Police move forward towards protesters who were marching downtown after flash bang grenades were deployed in Portland during a Ferguson rally on November 29, 2014. Michael Lloyd/The Oregonian
By Anna Griffin
Protesters who’ve stopped Portland traffic almost daily since a grand jury opted not to indict Darren Wilson began their work back in August. Their goal: to mirror and in some ways build on the Occupy Wall Street movement – but with a more cohesive and ultimately constructive end.
"We’re trying to create something that is going to last," said Teressa Raiford, an organizer of Portland’s Ferguson response rallies. "What you’re seeing is the result of a lot of planning."
Zuccotti Park and the Ferguson, Missouri, street where Wilson shot Michael Brown sit almost 1,000 miles apart.

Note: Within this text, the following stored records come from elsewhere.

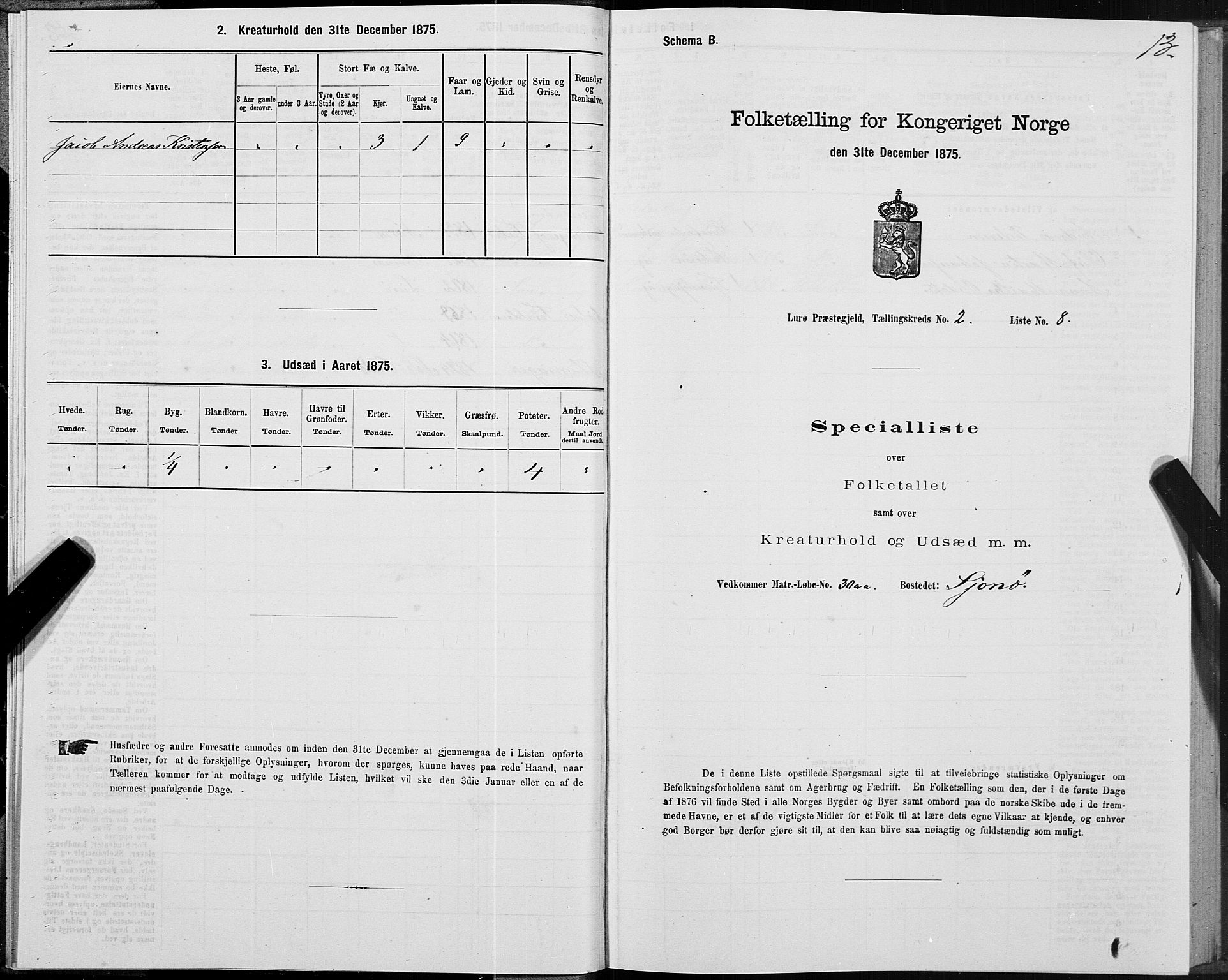 SAT, 1875 census for 1834P Lurøy, 1875, p. 2013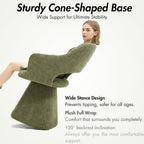 Hyfirm 360° Swivel Dining Chair with Arms Set of 2, Chenille Upholstered Barrel Accent Kitchen Chairs with Hollow High Back, Deskchair for Dining Room Bedroom Vanity, Moss Green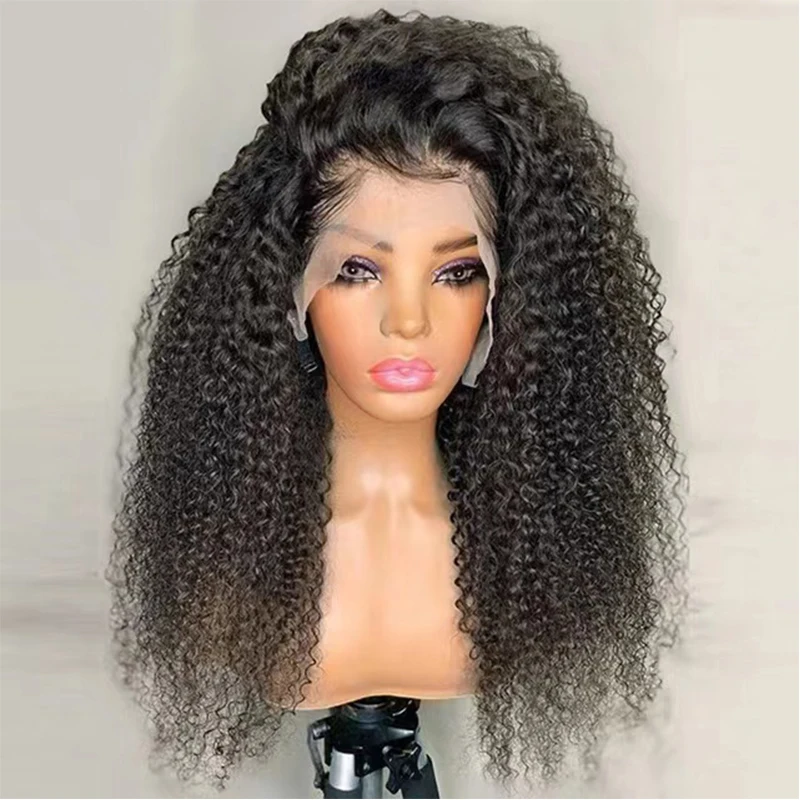 Natural Black Glueless 180Density 26Inch Long Soft Kinky Curly Lace Front Wig For Black Women With Baby Hair Preplucked Daily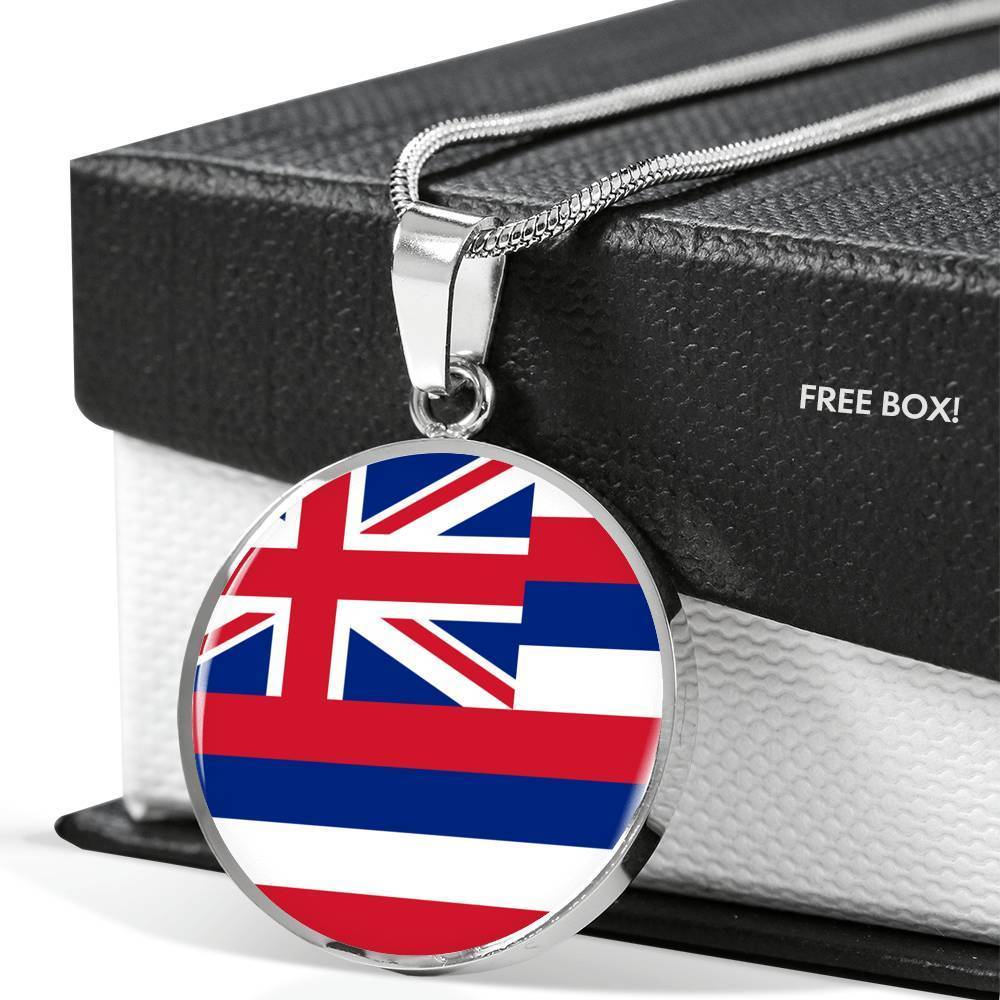 Hawaii State Flag Necklace Stainless Steel or 18k Gold Circle Pendant 18-22" - Express Your Love Gifts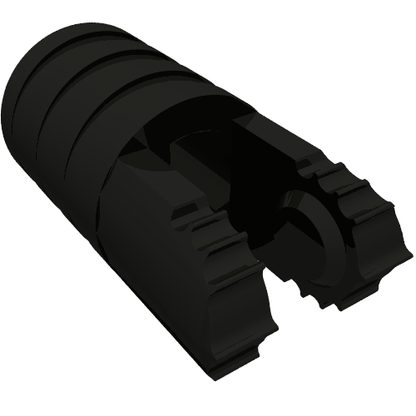 Part 57360 - Hinge Cylinder 1 x 2 Locking with 2 Fingers, 7 Teeth and Axle Hole on Ends without Slots - De BrickPlaats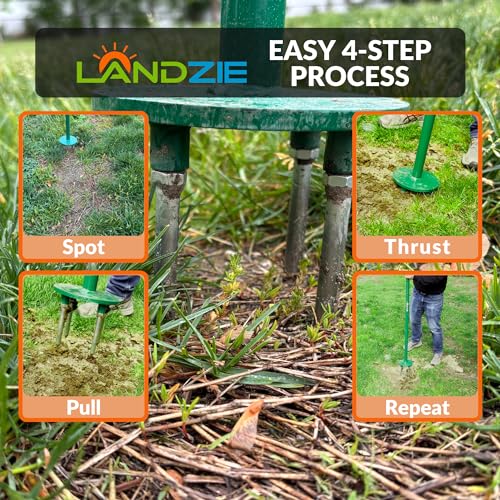 Landzie Spot Seeder Lawn Aerator Tool and Grass Patch Repair Tool - Spike Seeding Tool and Slit Seeder Aerator Lawn Tool for Lawn Repair & Dog Spots Heavy-Duty Spot Aerator Dethatcher for Grass Repair - Thumbnail 6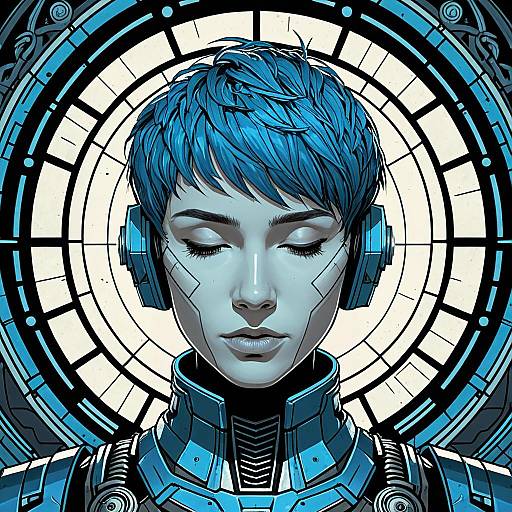 Hollow Robot Head with Non-Binary Figure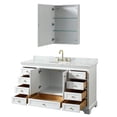 thumbnail image 3 of Wyndham Collection Deborah 60" Cabinet Wood Single Bathroom Vanity in White/Gold, 3 of 6
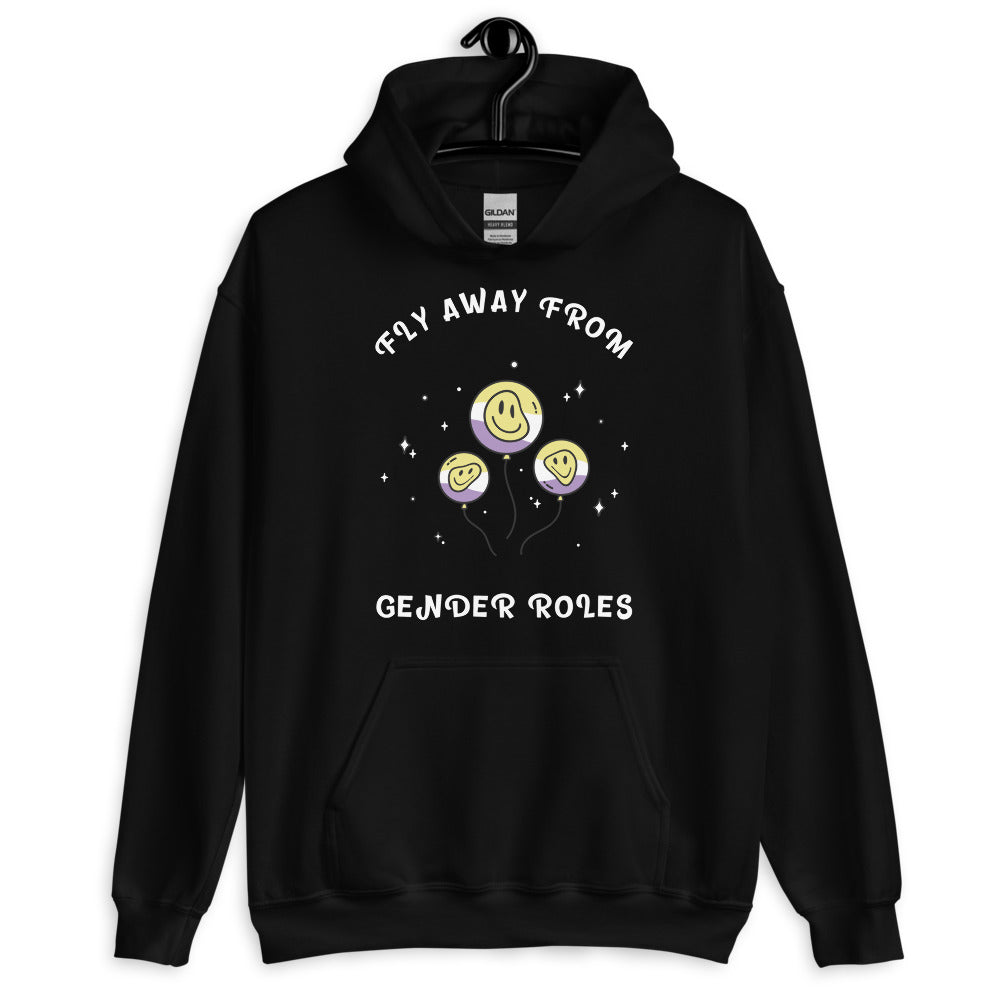 Front view of a black hoodie reading “FLY AWAY FROM GENDER ROLES,” with three smiley balloons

But in terms of their recent impact, they’re practically next-door neighbors.
As they did three years ago, marchers the past week have opted for civil disobedience rather than simply making speeches and rallying in front of Portland civic landmarks. They’ve held "die ins," led police on long, winding marches through downtown, filled Willamette River bridges during rush hour and attempted to seize Interstate 5.
The crowds have included black-clad anarchists and a few Occupy-style protesters in Guy Fawkes masks. The large groups have advocated for a number of causes besides police reform, including a $15 minimum wage, policies to stop gentrification and government disinvestment in multinational corporations. A few of the leading figures in the push to protest the Ferguson decision nationally are the same as Occupy, including Lisa Fithian, who helped put together the 1999 World Trade Organization protests in Seattle and was dubbed "Professor Occupy" by Mother Jones magazine.
"It’s similar in that it’s spreading without any central authority, it’s spreading by inspiration, by a compound of desperation and hope with a little bit of euphoria mixed in," said Todd Gitlin, a journalism professor at Columbia University and author of the 2012 book "Occupy Nation: The Roots, the Spirit and the Promise of Occupy Wall Street." "The big changes made by Occupy were at the level of discourse, making the ‘1 percent’ and ‘the 99 percent’ part of everyday language. The quandary for people angry about Ferguson is how to channel this momentary energy into something that makes changes in more than just the conversation"
At the heart of both movements is an overarching distrust of the nation’s political and economic establishment, a sense that the system does not work for everyone.